Former Ghanaian president, Jerry J. Rawlings, in December, called for a recount and cool headed thinking. There were many more ‘Wise’ who moved for calm and caution but were ignored.
The AU has once again earned its feathers and they are all white!
The western media shine by their short memories and readiness to comply to what Paris and Washington say. The ‘internationally recognized president’ they write. Don’t they want to examine the proof of the fraud Gbagbo says he has? Why don’t they ask the questions? Why don’t they remind us how France intervened in 2002 and 2004 against Gbagbo and the Ivorian Army? Why did South African President Jacob Zuma reverse his position so late?
The rebels became ‘Republican Forces’ over night with no questions asked. They had been ‘New Forces rebels’. The name change coincided with the military offensive which coincided with the French intervention. All so cozy. Why would a journalist ask questions? How is it when the French blow up ammunition dumps and hit the Presidential Palace, this is ‘protecting civilians’ but when the Army shoot back, they are ‘committing crimes and atrocities’?
Why have the press ignored the different offers for compromise made by Gbagbo, including direct talks and the possibility he and Ouattara both withdraw?

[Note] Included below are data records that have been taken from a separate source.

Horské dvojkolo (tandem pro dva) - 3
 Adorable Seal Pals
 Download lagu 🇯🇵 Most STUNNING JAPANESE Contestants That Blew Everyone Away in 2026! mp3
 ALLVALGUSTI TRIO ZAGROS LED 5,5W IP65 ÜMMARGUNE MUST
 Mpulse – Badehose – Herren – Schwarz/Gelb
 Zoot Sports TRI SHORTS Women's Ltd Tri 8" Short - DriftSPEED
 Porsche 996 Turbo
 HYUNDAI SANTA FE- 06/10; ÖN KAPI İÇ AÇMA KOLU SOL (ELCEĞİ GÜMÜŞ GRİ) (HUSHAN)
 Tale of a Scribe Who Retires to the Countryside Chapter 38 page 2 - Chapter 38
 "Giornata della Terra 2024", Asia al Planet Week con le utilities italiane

What prevented the press from looking at the voter registration and the votes cast and make up their own minds? Why did the press not push for a recount in their editorials? The press has been an eager accomplice in the media blitz for public opinion based on false, partial and biased news.
Another lesson (and there are many) is the danger of unbridled, uncontrolled illegal immigration. The population of the Cote d’Ivoire has trebled over the past thirty years, an estimated 25% of the country’s people, mostly Muslims from Burkina Faso (as many as three million). These immigrants and their countries of origin (Mali, Burkina Faso, Nigeria) are a major source of man-power and support for the rebels and Ouattara. If the Burkinabe immigrants were forced to return to their country, Burkina would collapse. This is a major reason why Compoare wants to see Ouattara in power.
I have rarely seen an international conspiracy to railroad an independent ‘patriotic’ president so false heartedly pursued. Corrupt leaders and Imperial Masters may think they can get away with this injustice but I am sure the African people will get the final word.
2. For a good audio analysis of what happened (in French) see Gri-Gri Internaitonal: http://www.google.fr/search?q=+gri+gri+internaitonal+cote+d’ivoire&sourceid=ie7&rls=com.microsoft:en-US&ie=utf8&oe=utf8&redir_esc=&ei=BZqdTY-hBsqAhQeFmpC7BA
3. The Haitians foiled a similar electoral-coup attempt in November to sideline the singer ‘Micky’ Martelly. The UN backed electoral commission said he had finished third and was out of the running. Under pressure from voters in the streets, the UN and the Commission re-examined the results. The recount put Martelly in the second round and he won with 68% of the vote. No civil war. No military intervention. The Imperial masters (US and France) just did not get their way.